===== Material to process =====
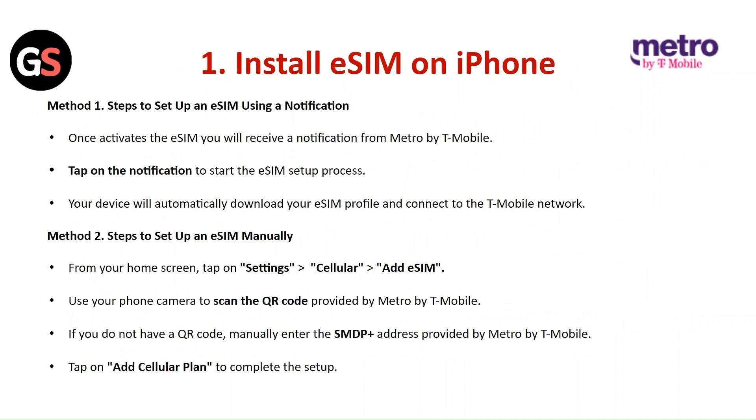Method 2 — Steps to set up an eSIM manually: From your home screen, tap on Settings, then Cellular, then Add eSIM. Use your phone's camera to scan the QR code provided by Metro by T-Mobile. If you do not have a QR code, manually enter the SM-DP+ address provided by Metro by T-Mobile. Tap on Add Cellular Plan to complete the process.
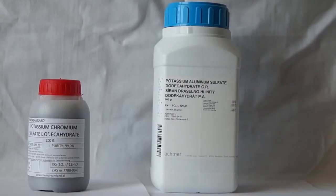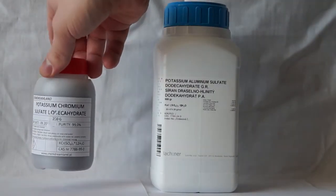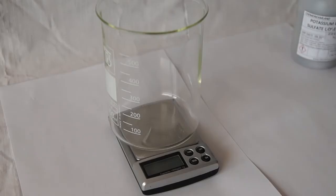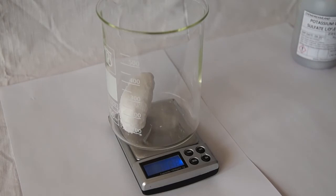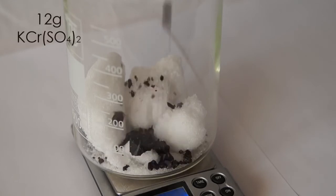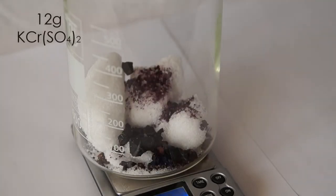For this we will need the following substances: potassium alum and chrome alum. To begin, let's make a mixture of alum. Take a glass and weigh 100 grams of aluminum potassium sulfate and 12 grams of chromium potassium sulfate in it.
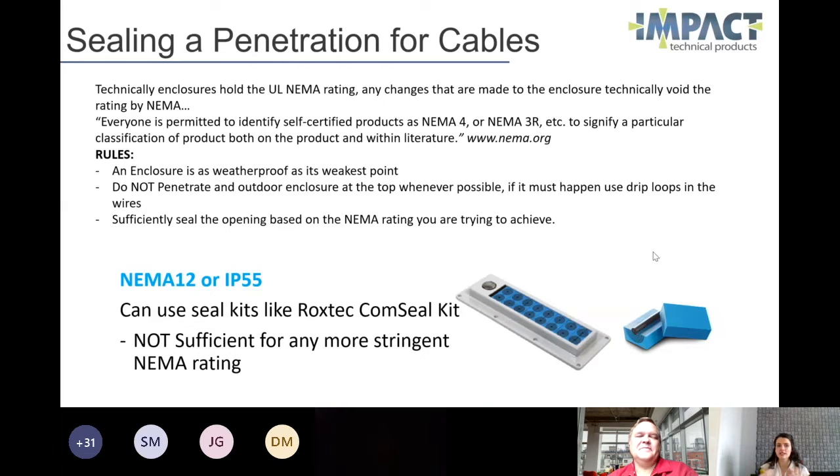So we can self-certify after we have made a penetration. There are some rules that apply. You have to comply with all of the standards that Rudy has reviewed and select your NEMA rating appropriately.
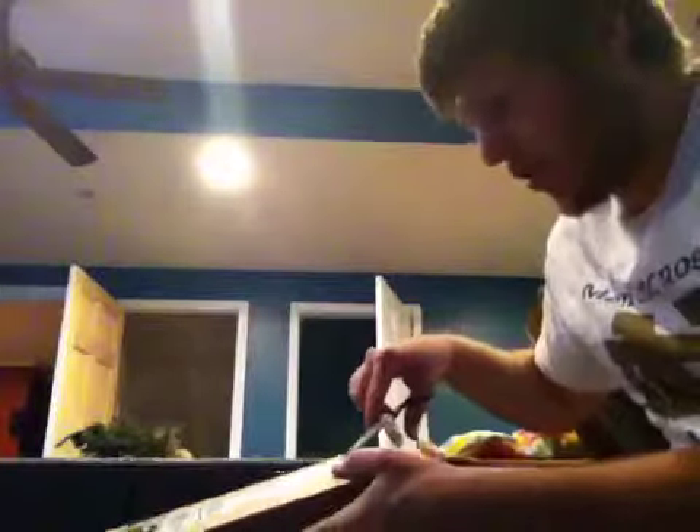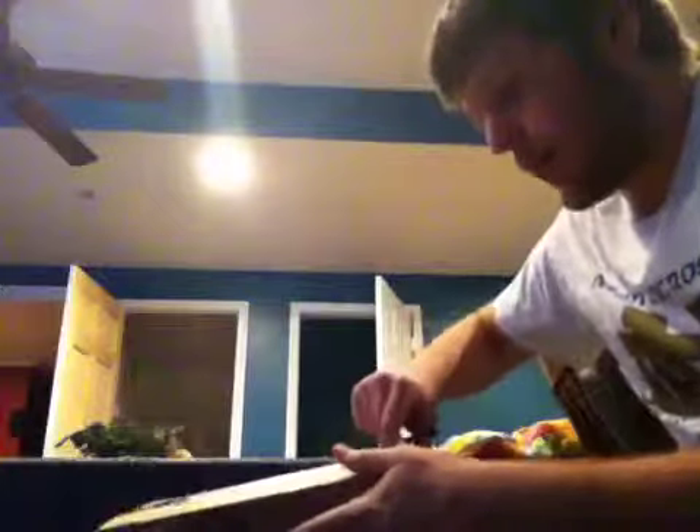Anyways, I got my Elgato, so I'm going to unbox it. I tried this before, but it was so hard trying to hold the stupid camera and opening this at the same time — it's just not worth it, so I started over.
=====
===== Material to process =====
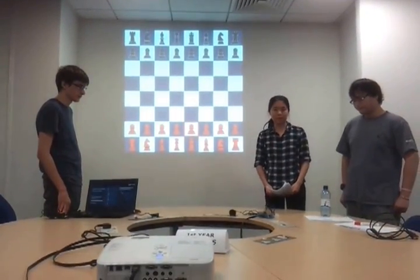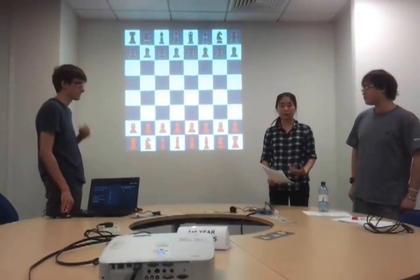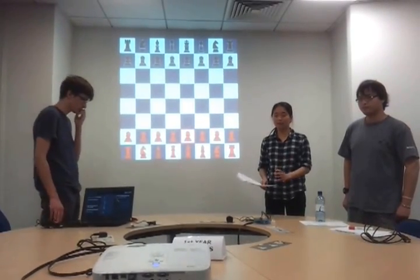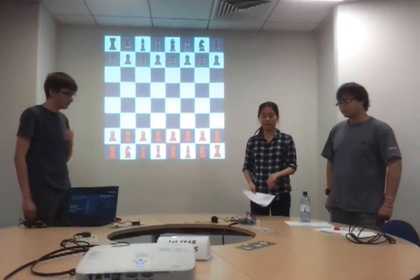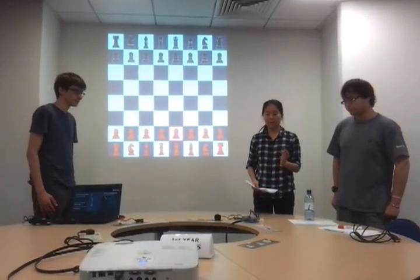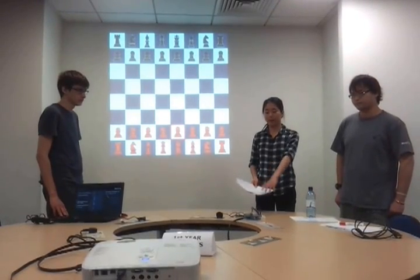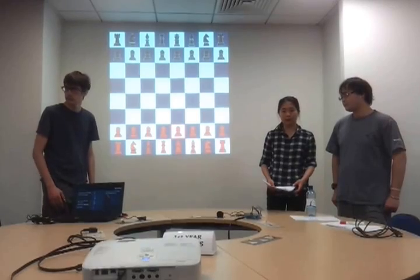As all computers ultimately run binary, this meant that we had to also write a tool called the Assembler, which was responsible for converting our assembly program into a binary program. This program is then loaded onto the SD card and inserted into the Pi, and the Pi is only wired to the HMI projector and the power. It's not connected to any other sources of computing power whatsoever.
=====
===== Material to process =====
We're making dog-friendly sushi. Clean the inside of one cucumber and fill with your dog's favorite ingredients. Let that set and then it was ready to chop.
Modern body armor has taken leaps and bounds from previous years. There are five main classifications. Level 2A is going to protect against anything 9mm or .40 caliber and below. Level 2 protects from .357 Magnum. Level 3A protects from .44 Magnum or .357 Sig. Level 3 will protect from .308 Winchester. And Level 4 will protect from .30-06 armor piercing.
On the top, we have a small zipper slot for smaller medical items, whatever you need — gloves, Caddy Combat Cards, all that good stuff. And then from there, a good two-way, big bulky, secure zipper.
=====
### Work request:
Above are the records. Copy word for word only their lines from the one holding "Method 2 — Steps" through the one holding "Anyways, I got", both included, and skip the images.

### Answer area:
Method 2 — Steps to set up an eSIM manually: From your home screen, tap on Settings, then Cellular, then Add eSIM. Use your phone's camera to scan the QR code provided by Metro by T-Mobile. If you do not have a QR code, manually enter the SM-DP+ address provided by Metro by T-Mobile. Tap on Add Cellular Plan to complete the process.
For this we will need the following substances: potassium alum and chrome alum. To begin, let's make a mixture of alum. Take a glass and weigh 100 grams of aluminum potassium sulfate and 12 grams of chromium potassium sulfate in it.
So we can self-certify after we have made a penetration. There are some rules that apply. You have to comply with all of the standards that Rudy has reviewed and select your NEMA rating appropriately.
Anyways, I got my Elgato, so I'm going to unbox it. I tried this before, but it was so hard trying to hold the stupid camera and opening this at the same time — it's just not worth it, so I started over.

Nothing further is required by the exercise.